Task objective:
Please print, exactly, only the lines in the entries below from the line that has "Stainless steel and" through the line that has "Brown Velvet Massage". Pictures don't go in.

Data under study:
=====

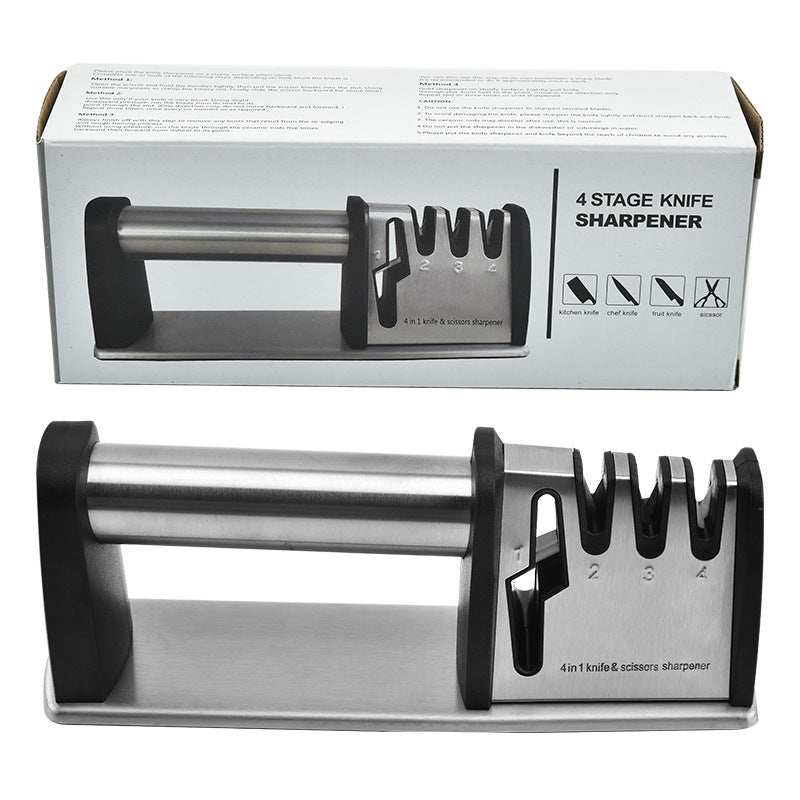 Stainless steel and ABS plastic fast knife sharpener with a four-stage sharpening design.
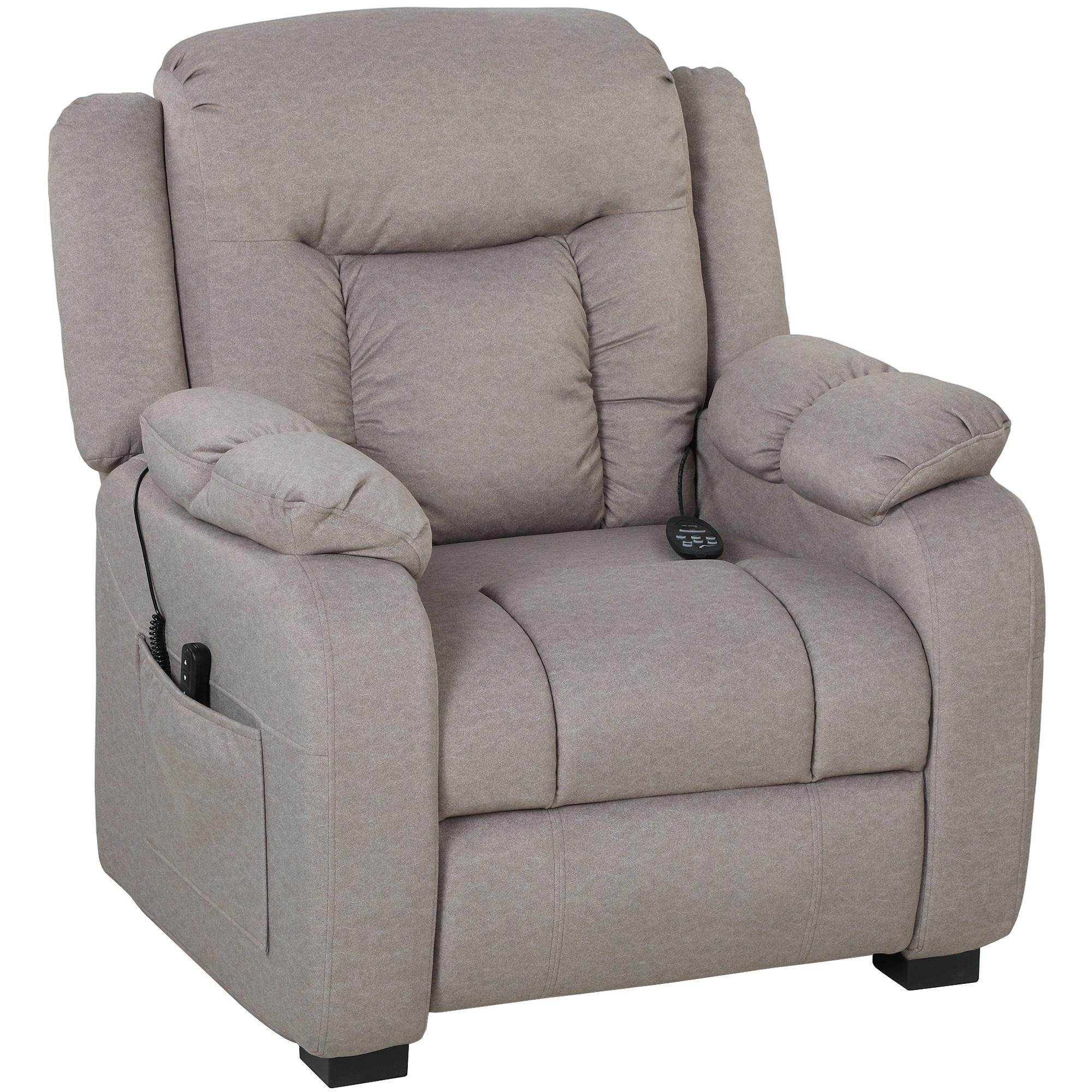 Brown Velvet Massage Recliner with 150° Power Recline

=====

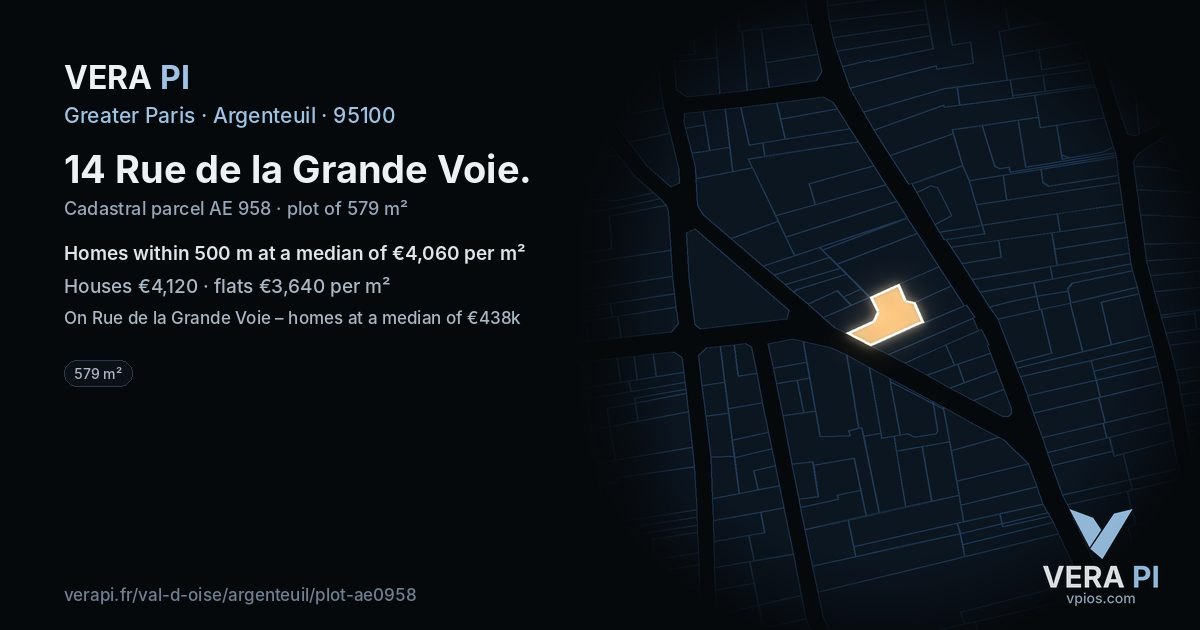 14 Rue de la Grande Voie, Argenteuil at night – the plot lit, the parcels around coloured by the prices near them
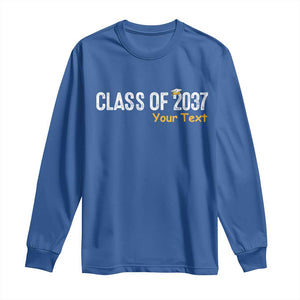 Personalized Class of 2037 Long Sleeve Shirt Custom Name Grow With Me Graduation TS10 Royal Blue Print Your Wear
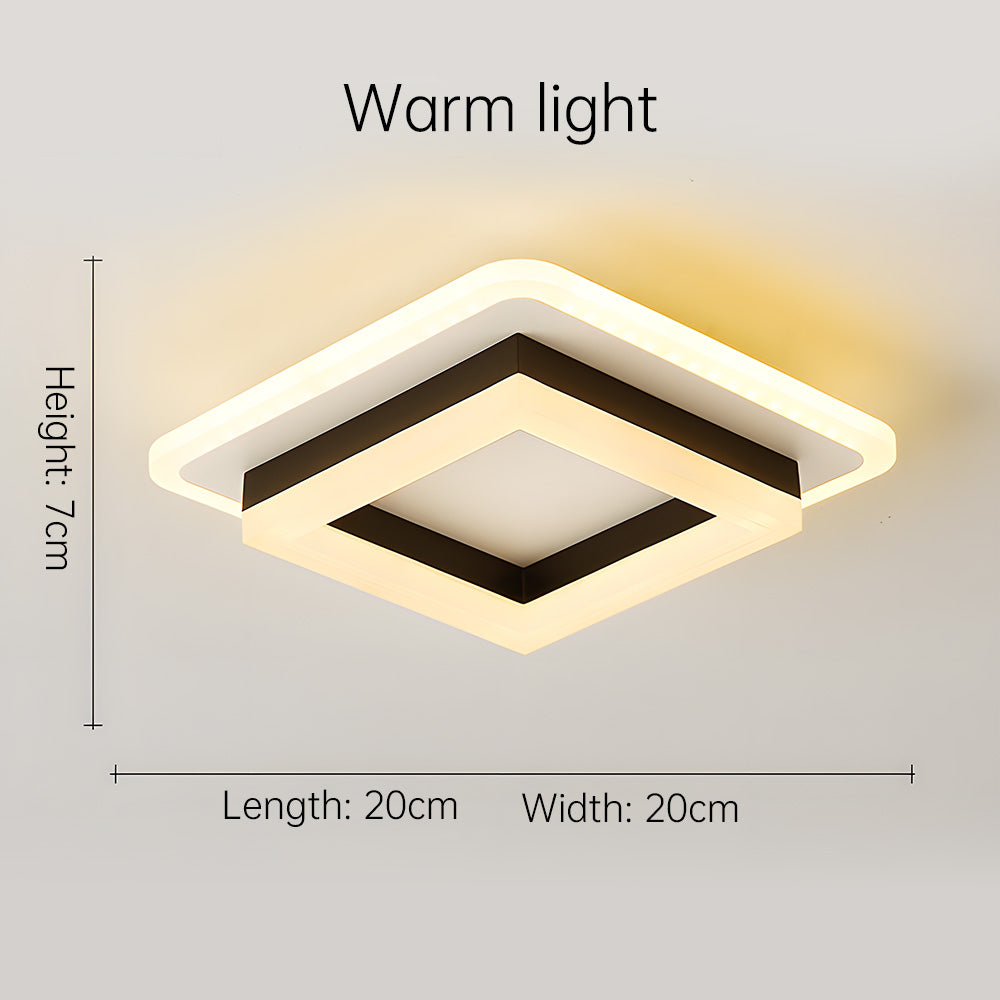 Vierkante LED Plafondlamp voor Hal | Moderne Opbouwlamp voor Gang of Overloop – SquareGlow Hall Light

=====

Task solution:
 Stainless steel and ABS plastic fast knife sharpener with a four-stage sharpening design.
 Brown Velvet Massage Recliner with 150° Power Recline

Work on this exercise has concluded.